By Nancy DeSanti, 1st Vice President-Programs
On a beautiful Fall afternoon, AMHS members and guests were treated to a wonderful musical journey through the regions of Italy, thanks to a talented, Italian musical group known as Ensemble Sangineto.
This trio from northern Italy blends folk influences from throughout Europe — including Irish, Breton, and French traditions — with classical music, early music, Celtic music, Gregorian chant, musical theater, and modern pop and jazz influences. The group performed some of their unique traditional songs of the 20 regions of Italy in Casa Italiana on Sunday, October 29, 2023.
Many thanks to Lynn Sorbara for having the idea to invite Ensemble Sangineto to Casa Italiana, and many thanks to Peter Bell for helping to make the plan a reality.

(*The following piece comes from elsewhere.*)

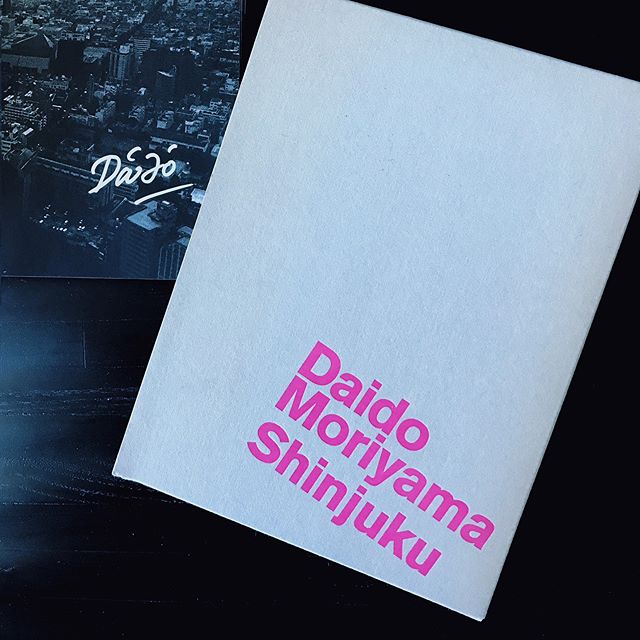 Not too crazy about surprises! But this unexpected (early) birthday gift from my amazing daughter @sf.diaz was truly a wow moment! A first edition, signed copy #diadomoriyama Shinjuku This will be treasured!!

Ensemble Sangineto was co-founded by Adriano and Caterina Sangineto, who are twins. The group consists of Adriano on Celtic harp, stomp box, and vocals; Caterina on bowed psaltery, flute, percussion, and vocals; and Jacopo Ventura on acoustic guitar, bouzouki, and vocals. They charmed everyone with their warm personalities and many of the audience members enjoyed chatting with them before and after the performance.
The twins’ father, Michele, is a noted instrument maker in Monza, a city just north of Milano. Growing up, Adriano and Caterina had the opportunity to play instruments built by their father as well as others he had collected or bought elsewhere. Adriana and Caterina attended music academies in Monza and neighboring Villasanta, then went to the Conservatorio di Milano where Adriano learned clarinet and Caterina learned flute. Both also played harp and a bowed psaltery, which is a triangular-shaped, stringed instrument that probably originated in the Middle East. In fact, during their performance at Casa Italiana, Caterina played a bowed psaltery made by her father. She had carried the instrument over on the plane.
Jacopo studied at the Conservatorio G. Cantelli in Novara. He began studying classical guitar and then became interested in instruments, such as the mandolin, bandurria, bouzouki, and oud.
Last year, the group began “Grand Tour Vol. 1,” marking the first installment of a two-part project paying tribute to traditional Italian music with fresh renditions of folk songs from each of the 20 regions of Italy. This project gave rise to the concert “Le Grand Tour — Songs and Enchantments from the Alps to the Mediterranean Sea.”
During their performance, the group played songs from Lombardia and Liguria to Sicily and Sardegna, including “Mare Maje” (Abruzzesse), “Canto delle lavandaie del Venero” (Neapolitan), “Si maritau Rosa” (Sicilian), and “Procurade è moderare” (Sardinian). The group also mixed in a couple of their original compositions which were well received by the enthusiastic audience.
Their songs basically aim to combine Italian folk melodies with a modern international flair, in pursuit of the continuity and innovation of Italian folk music, drawing from the traditions of other European countries and regions, particularly Irish, French, Breton, and Scottish music.
Adriano was recently quoted as telling an interviewer: “When you create a tune or a song, you prepare yourself to be the center of a universe full of feelings, words, and beauty. That magic force will be shared by the listeners and by any other person who wants to live and discover your soul. That is pure magic, is it not?”
Yes, it is. And they definitely shared the magic with us!